Tax Hikes and Teen Smoking
| NEW YORK
If Congress wants to curb teenage smoking by effectively raising cigarette prices to about $3 per pack, it's probably on the right track.
Around the nation, the states that have boosted cigarette prices with higher excise taxes have seen their teen smoking rates reduced the most. And, in Canada, after federal taxes on cigarettes rose by 150 percent over 10 years, teen smoking rates fell by 60 percent.
"Increasing the price is one of the few ways we know of that reduces teenage smoking," says Rick Kropp, a prevention consultant.
A tax hike, ultimately pushing up the cost of a pack of cigarettes by $1.10 over the next five years, is the cornerstone of comprehensive legislation introduced March 30 by Sen. John McCain (R) of Arizona.
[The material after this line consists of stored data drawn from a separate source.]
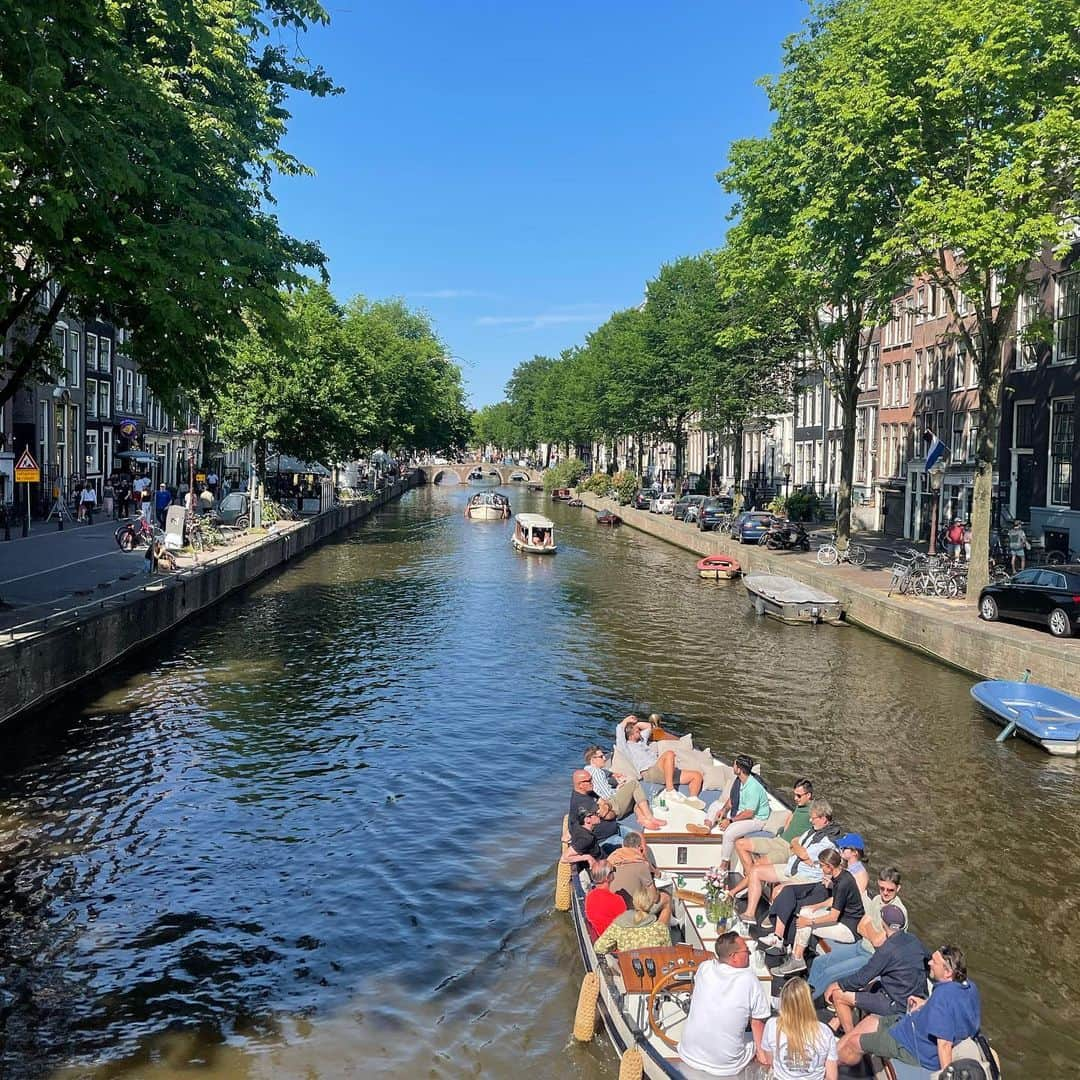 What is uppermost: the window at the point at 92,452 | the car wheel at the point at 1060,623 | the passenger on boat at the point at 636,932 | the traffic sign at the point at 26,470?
the window at the point at 92,452

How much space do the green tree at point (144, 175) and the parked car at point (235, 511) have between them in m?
25.3

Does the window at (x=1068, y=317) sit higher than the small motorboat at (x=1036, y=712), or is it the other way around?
the window at (x=1068, y=317)

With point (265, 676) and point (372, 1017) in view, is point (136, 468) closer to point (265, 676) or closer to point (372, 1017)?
point (265, 676)

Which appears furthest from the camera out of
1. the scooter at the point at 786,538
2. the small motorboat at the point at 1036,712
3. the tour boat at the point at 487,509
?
the tour boat at the point at 487,509

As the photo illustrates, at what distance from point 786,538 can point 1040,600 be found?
22597mm

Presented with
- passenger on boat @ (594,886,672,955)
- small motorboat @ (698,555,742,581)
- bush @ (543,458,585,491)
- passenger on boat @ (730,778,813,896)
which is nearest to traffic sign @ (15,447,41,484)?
small motorboat @ (698,555,742,581)

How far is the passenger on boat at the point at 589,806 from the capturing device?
1315 centimetres

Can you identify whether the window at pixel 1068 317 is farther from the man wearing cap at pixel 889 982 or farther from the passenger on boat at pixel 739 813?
the man wearing cap at pixel 889 982

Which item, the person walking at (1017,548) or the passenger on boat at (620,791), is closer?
the passenger on boat at (620,791)

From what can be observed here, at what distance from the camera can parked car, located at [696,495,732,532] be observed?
2430 inches

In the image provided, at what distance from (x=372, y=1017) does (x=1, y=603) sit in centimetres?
1745

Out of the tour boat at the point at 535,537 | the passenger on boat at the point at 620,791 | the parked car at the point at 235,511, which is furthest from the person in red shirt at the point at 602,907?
the tour boat at the point at 535,537

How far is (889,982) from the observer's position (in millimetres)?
9328

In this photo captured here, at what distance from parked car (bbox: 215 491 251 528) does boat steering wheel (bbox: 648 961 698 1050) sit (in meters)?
45.2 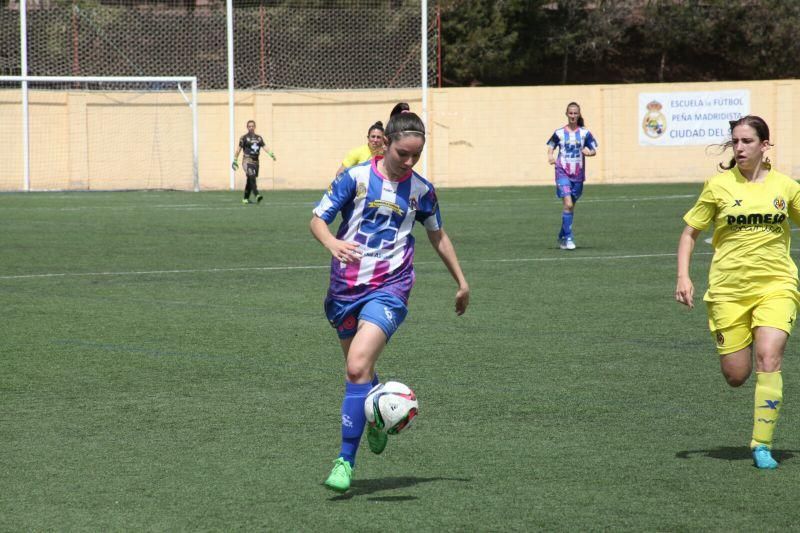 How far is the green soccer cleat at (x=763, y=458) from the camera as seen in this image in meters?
6.39

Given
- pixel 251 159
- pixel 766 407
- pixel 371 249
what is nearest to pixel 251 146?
pixel 251 159

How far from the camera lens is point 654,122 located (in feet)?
134

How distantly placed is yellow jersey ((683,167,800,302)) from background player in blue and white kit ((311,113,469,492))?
5.29 ft

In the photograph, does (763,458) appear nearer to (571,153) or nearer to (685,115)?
(571,153)

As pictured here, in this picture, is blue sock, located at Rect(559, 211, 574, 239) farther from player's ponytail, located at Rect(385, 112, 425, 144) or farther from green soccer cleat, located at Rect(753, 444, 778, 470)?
player's ponytail, located at Rect(385, 112, 425, 144)

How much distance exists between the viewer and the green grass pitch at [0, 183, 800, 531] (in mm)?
5730

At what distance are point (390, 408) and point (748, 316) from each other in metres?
2.03

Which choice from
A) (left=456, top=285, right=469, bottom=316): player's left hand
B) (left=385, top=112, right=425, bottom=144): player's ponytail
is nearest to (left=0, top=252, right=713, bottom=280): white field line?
(left=456, top=285, right=469, bottom=316): player's left hand

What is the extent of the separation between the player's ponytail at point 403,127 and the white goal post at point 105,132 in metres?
31.9

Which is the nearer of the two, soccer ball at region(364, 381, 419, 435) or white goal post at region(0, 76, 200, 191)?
soccer ball at region(364, 381, 419, 435)

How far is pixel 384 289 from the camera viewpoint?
6.30 meters

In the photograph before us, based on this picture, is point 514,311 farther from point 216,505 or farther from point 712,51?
point 712,51

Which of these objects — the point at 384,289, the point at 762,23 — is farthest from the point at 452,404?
the point at 762,23

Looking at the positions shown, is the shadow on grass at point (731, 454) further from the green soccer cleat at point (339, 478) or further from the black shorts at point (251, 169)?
the black shorts at point (251, 169) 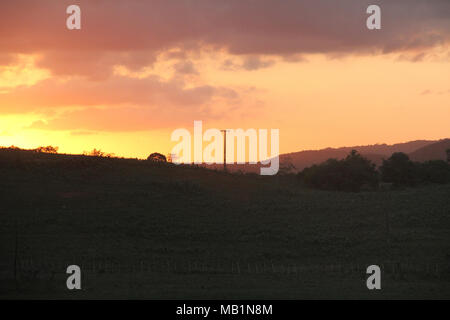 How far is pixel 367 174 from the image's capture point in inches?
4026

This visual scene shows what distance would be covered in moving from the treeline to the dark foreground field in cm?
1319

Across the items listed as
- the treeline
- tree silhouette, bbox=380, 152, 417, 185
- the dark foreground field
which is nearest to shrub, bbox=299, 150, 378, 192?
the treeline

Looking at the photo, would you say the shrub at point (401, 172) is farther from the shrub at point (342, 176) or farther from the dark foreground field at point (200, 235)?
the dark foreground field at point (200, 235)

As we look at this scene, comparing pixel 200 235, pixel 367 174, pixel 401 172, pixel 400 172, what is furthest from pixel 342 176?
pixel 200 235

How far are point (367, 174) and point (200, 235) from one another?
50.7m

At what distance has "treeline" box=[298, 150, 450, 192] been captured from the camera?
101 metres

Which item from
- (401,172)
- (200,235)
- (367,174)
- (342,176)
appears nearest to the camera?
(200,235)

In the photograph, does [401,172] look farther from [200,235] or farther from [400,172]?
[200,235]

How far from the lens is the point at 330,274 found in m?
39.2

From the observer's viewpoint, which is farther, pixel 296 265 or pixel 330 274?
pixel 296 265

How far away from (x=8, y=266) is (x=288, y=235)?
24834 mm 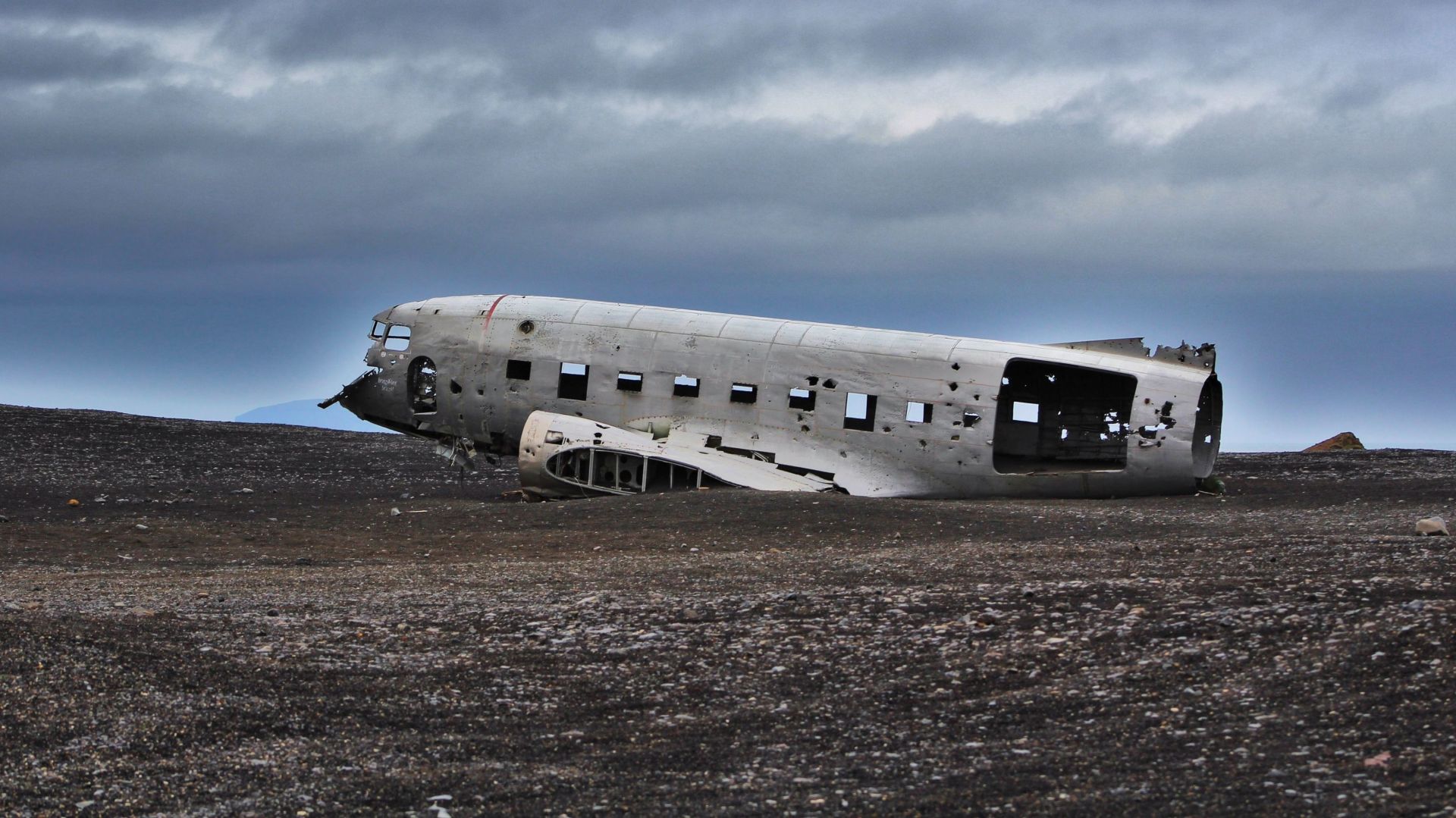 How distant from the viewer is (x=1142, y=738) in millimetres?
7906

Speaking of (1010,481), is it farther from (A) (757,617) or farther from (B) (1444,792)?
(B) (1444,792)

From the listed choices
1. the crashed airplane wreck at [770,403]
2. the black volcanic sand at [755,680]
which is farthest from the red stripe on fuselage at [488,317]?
the black volcanic sand at [755,680]

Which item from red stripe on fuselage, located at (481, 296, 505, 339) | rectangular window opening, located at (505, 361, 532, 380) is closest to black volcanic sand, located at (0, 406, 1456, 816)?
rectangular window opening, located at (505, 361, 532, 380)

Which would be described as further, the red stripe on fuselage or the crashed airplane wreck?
the red stripe on fuselage

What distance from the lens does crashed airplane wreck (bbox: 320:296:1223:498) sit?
24.1 metres

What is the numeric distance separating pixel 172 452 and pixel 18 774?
31285mm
Senator McCain hopes that the tax hike - supported by the Clinton administration and coupled with other measures - would finally start to arrest the rising trend of teenage smoking.
A study released last week by the US Treasury forecasts a tax hike of $1.10 per pack would reduce teen smoking by 42 percent by 2003. Smoking rates among teens are now at a 19-year high with almost 37 percent of high school seniors using tobacco.
Some teenagers are not so sure that a tax hike will make them quit smoking. Mario Berutti, a senior at Hollywood High School in Los Angeles, says the tax hike would just mean he would have to work harder to pay for his habit. To cut down on smoking, he suggests pushing prices up to $6 a pack, "and concentrate on the Marlboros because that's what most of my friends smoke."
The McCain bill, if passed, would have consequences well beyond the price of cigarettes. It also calls for "protocols," or voluntary agreements, from the tobacco companies to restrict marketing and advertising in return for a $6.5 billion annual cap on liability payments. It would give broad authority to the Food and Drug Administration to regulate advertising and new products. And, the bill penalizes the industry if it fails to meet predetermined targets for reducing youth smoking.
Altogether it is a tougher bill than the agreement the state attorneys general reached with the industry last year because it does not protect the industry from lawsuits. "It's an improvement over the settlement, but we think it will still require some improvements," says Kathryn Kahler Vose of the Campaign for Tobacco-Free Kids in Washington.
But the tobacco industry is likely to fight the bill's passage. It dislikes the lack of protection from the class-action lawsuits and liability lawsuits that are expected in the decades ahead. Without the industry's support, it's not clear that the bill's marketing and advertising segments will survive First Amendment court challenges. And the industry complains that the tax increase will result in a big contraband market despite antismuggling provisions in the bill.
Public-health advocates, while applauding the direction of the legislation, are complaining that the tax hike is not high enough or fast enough. They prefer an increase of at least $1.50 a pack within three years. "This new proposal is inadequate to protect public health. For our children it simply achieves too little and gives the tobacco industry too much," says John Garrison, managing director of the American Lung Association.
Another Hollywood High School senior, Nancy Villatoro says even a tax increase of $1.50 a pack won't make any difference to her since she "bums" all her cigarettes. But, she adds, "I don't think it will make any difference, though, because I have friends who won't have any food, but they always have their cigarettes with them."
Such talk is not unusual, says David Sweanor, a lawyer for the Ottawa, Canada-based Non-Smokers' Rights Association. He says teenagers often claim that advertising does not influence their behavior but then will buy a product worn by a celebrity. Instead, he says, the Canadian experience with taxes might be a better judge of what will happen.
Over a 10-year period, starting in 1982, the federal government in Ottawa increased taxes by 6 cents per cigarette. Combined with some provincial tax hikes, the price of cigarettes rose by 150 percent. As prices rose, teenage smoking rates - among the highest in the world - fell from 42 percent to 16 percent. The declines carried through to young adults, too.
"We used price to protect the kids till their late teens, by which time something horrible happened - they became sensible and receptive to health information," says Mr. Sweanor.
But the Canadian story does not end here. In 1993, faced with huge amounts of bootlegged cigarettes, the Canadians rolled the tax back. Since then, the smoking rates for teenagers have risen back to nearly 20 percent.
EVEN with the hike, the US cigarette tax rate lags behind that of most European countries. The United Kingdom, where a pack of cigarettes costs about $5.50, derives more money from tobacco taxes than the US does. Some states in this country have been steadily increasing their own sales tax. Alaska has recently enacted a $1-per-pack sales tax and Hawaii is planning to do the same. After the sales tax was significantly increased in California, smoking rates fell. "California leads the country," says Mr. Kropp, a Santa Rosa, Calif., consultant with his own firm, Tobacco Prevention and Policy Resources.
James Blair in Los Angeles contributed to this story.